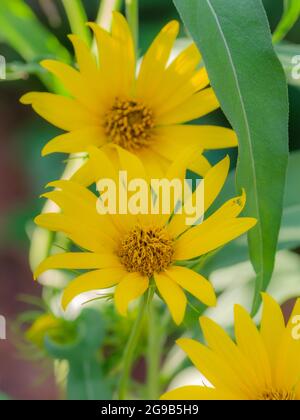 A close-up of bright yellow maximillian sunflowers (helianthus maximiliani). Stock Photo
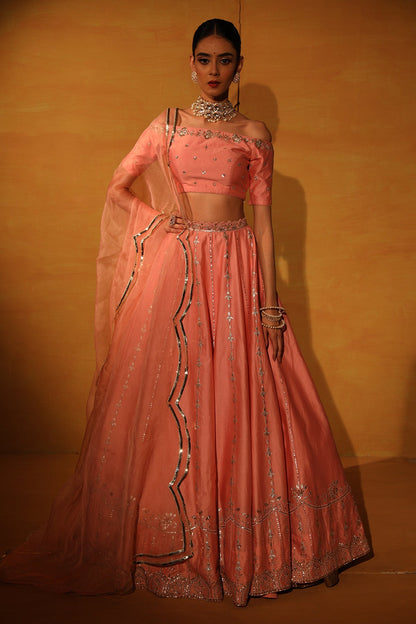 Blush Pink embroidered Lehenga set
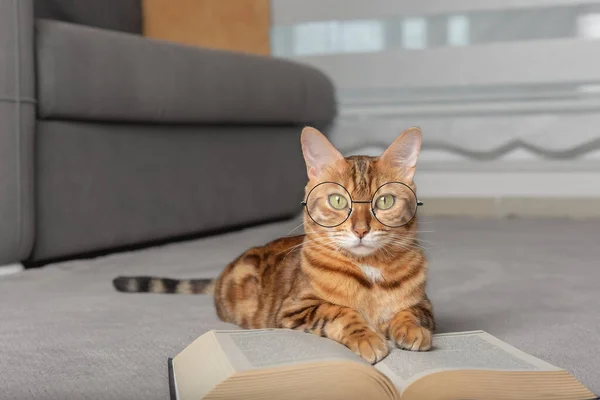 Funny Cat Glasses Lies Floor Book — Zdjęcie stockowe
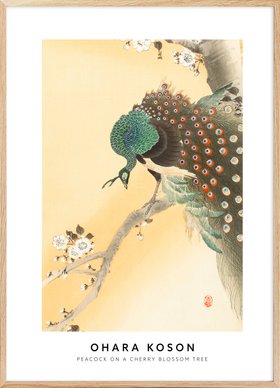 Ohara Koson - Peacock on a Cherry Blossom Tree Poster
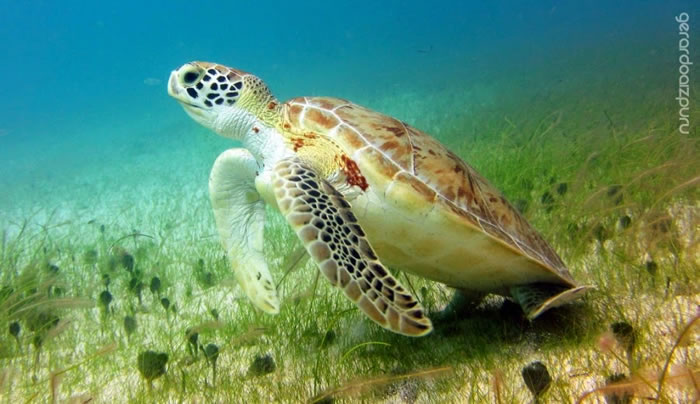 28 Amazing Pictures Of Turtles 15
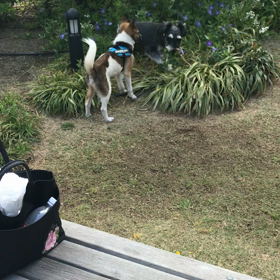 お友達出来た‼️の画像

## Activity
Drop the pictures and copy the data exactly.

## Task response
 A close-up of bright yellow maximillian sunflowers (helianthus maximiliani). Stock Photo
 Blush Pink embroidered Lehenga set
 Funny Cat Glasses Lies Floor Book — Zdjęcie stockowe
 Ohara Koson - Peacock on a Cherry Blossom Tree Poster
 28 Amazing Pictures Of Turtles 15
 お友達出来た‼️の画像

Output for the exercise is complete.